PyTrousse collects into one toolbox a set of data wrangling procedures tailored for composing reproducible analytics pipelines. Data transformations include encoding, binning, scaling, strings replacement, NaN filling, column type conversion, data anonymization.
The user can install PyTrousse in his/her Python virtual environment by cloning this repository:
$ git clone https://github.com/HK3-Lab-Team/pytrousse.git
and by running the following command:
$ cd pytrousse
$ pip install .
PyTrousse transformations are progressively wrapped internally with the data, thus linking all stages of data preprocessing for future reproducibility.
Along with processed data, every Dataset
object document how the user performed the analysis, in order to reproduce it in the future and to address questions about how the analysis was carried out months, years after the fact.
The traced data path can be inspected through operation_history
attribute.
>>> dataset.operations_history
[FillNA(
columns=["column_with_nan"],
value=0,
derived_columns=["column_filled"],
), ReplaceSubstrings(
columns=["column_invalid_values"],
replacement_map={",": ".", "°": ""},
derived_columns=["column_valid_values"],
)]
Wouldn't it be cool to have full column data type detection for your data?
PyTrousse expands Pandas tools for data type inference. Automatic identification is provided on an enlarged set of types (categorical, numerical, boolean, mixed, strings, etc.) using heuristic algorithms.
>>> import trousse
>>> dataset = trousse.read_csv("path/to/csv")

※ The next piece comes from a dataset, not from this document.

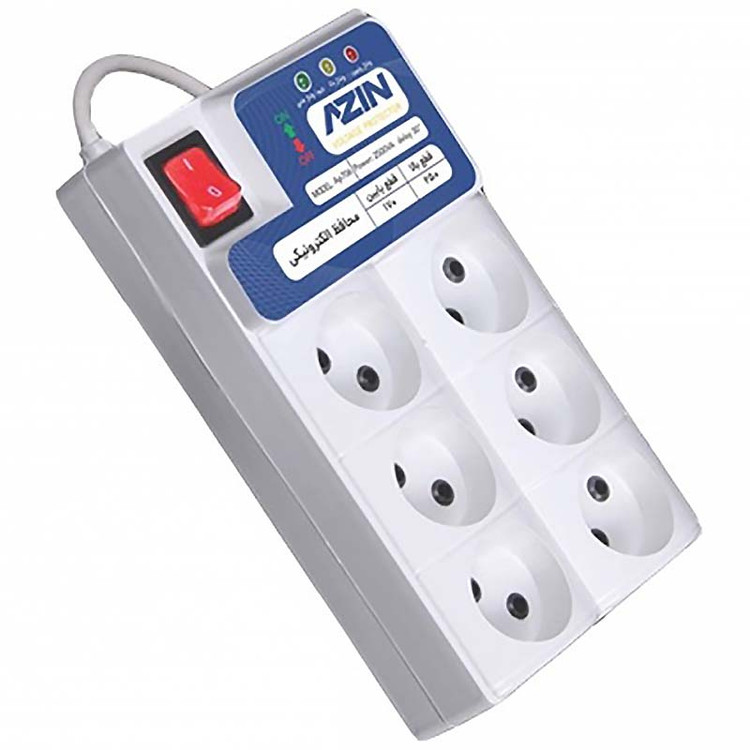محافظ برق 6 خانه کلید دار صوتی تصویری کامپیوتر 3 متری آذین Azin AP706
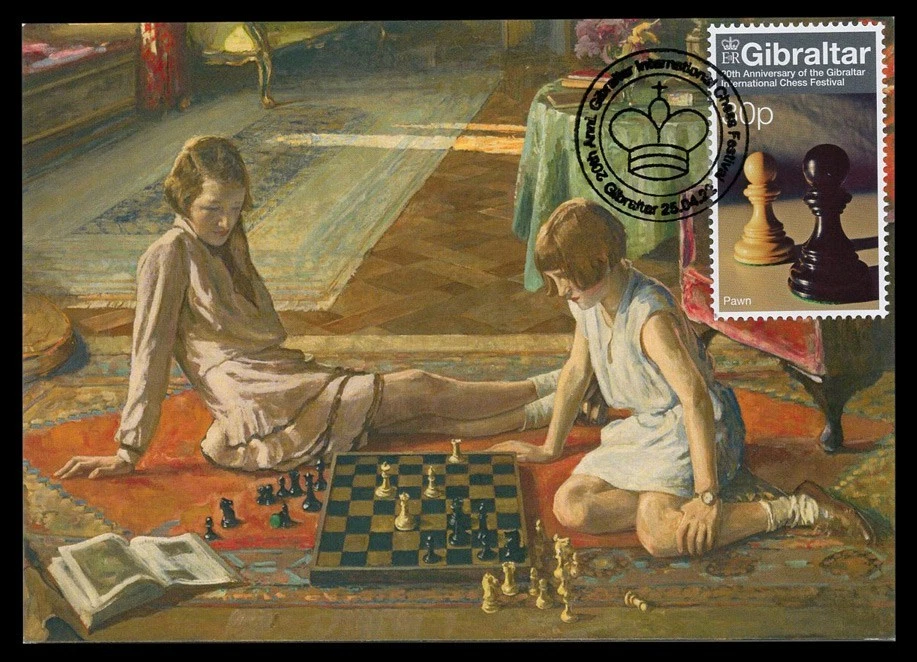 GIBRALTAR 2022 Maximum Card - 20th Anniv. of the Gibraltar Int. Chess Festival - Imagen 1 de 1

>>> dataset.str_categorical_columns
{"dog_breed", "fur_color"}
You can also get the name of boolean columns, numerical columns (i.e. containing integer and float values) or constant columns.
>>> dataset.bool_columns
{"is_vaccinated"}
>>> dataset.numerical_columns
{"weight", "age"}
What about having an easy API for all those boring data preprocessing steps?

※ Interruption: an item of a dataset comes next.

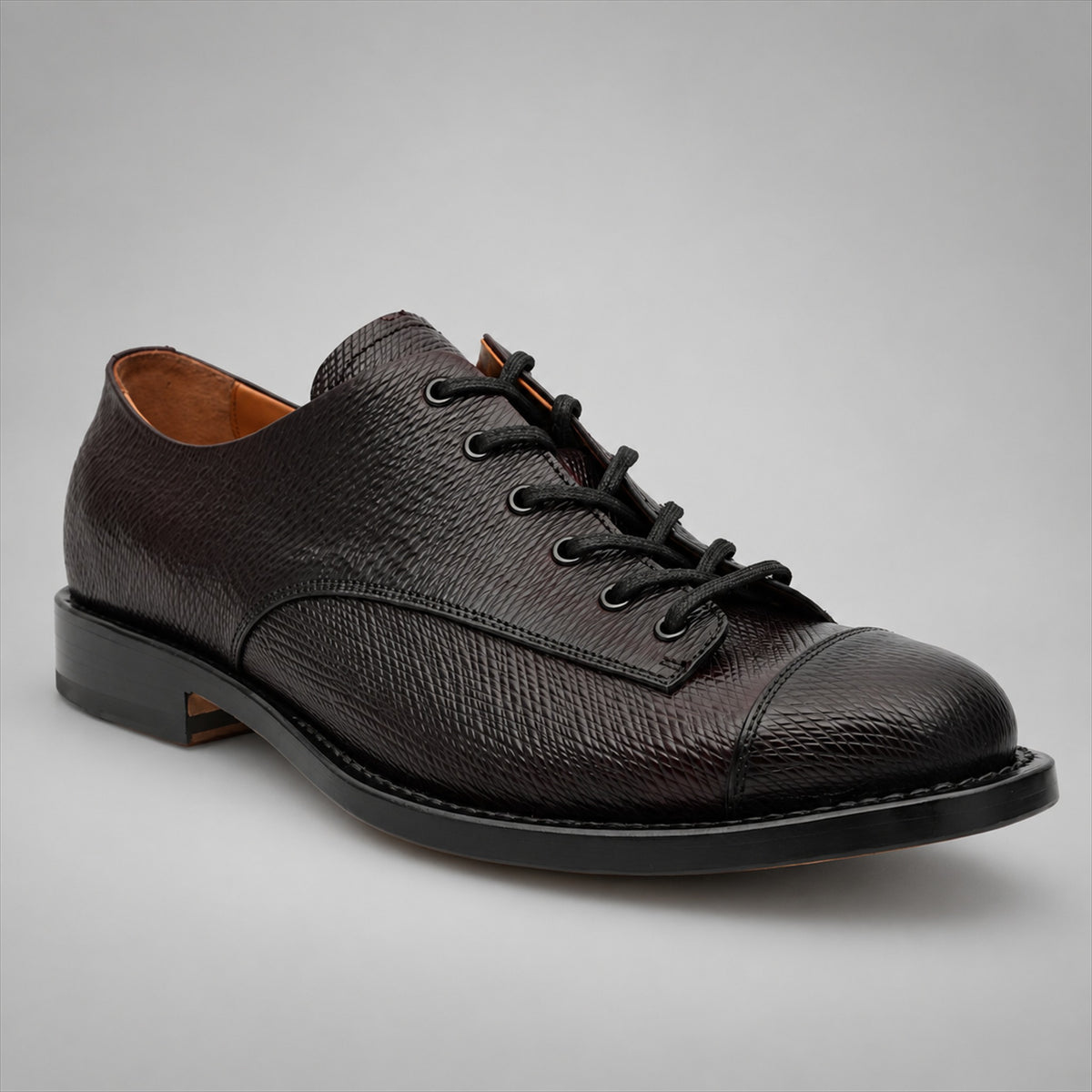 PASCH 267111A Dark Brown shell cordovan footwear, angle view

Along with the common preprocessing utilities (for encoding, binning, scaling, etc.), PyTrousse provides tools for noisy data handling and for data anonymization.
>>> from trousse.feature_operations import Compose, FillNA, ReplaceSubstrings
>>> fillna_replacestrings = Compose(
... [
... FillNA(
... columns=["column_with_nan"],
... value=0,
... derived_columns=["column_filled"],
... ),
... ReplaceSubstrings(
... columns=["column_invalid_values"],
... replacement_map={",": ".", "°": ""},
... derived_columns=["column_valid_values"],
... ),
... ]
... )
>>> dataset = fillna_replacestrings(dataset)
PyTrousse aids automated testing by inverting the data transformation operators. Generation of testing fixtures and injection of errors is automatically available (more information here).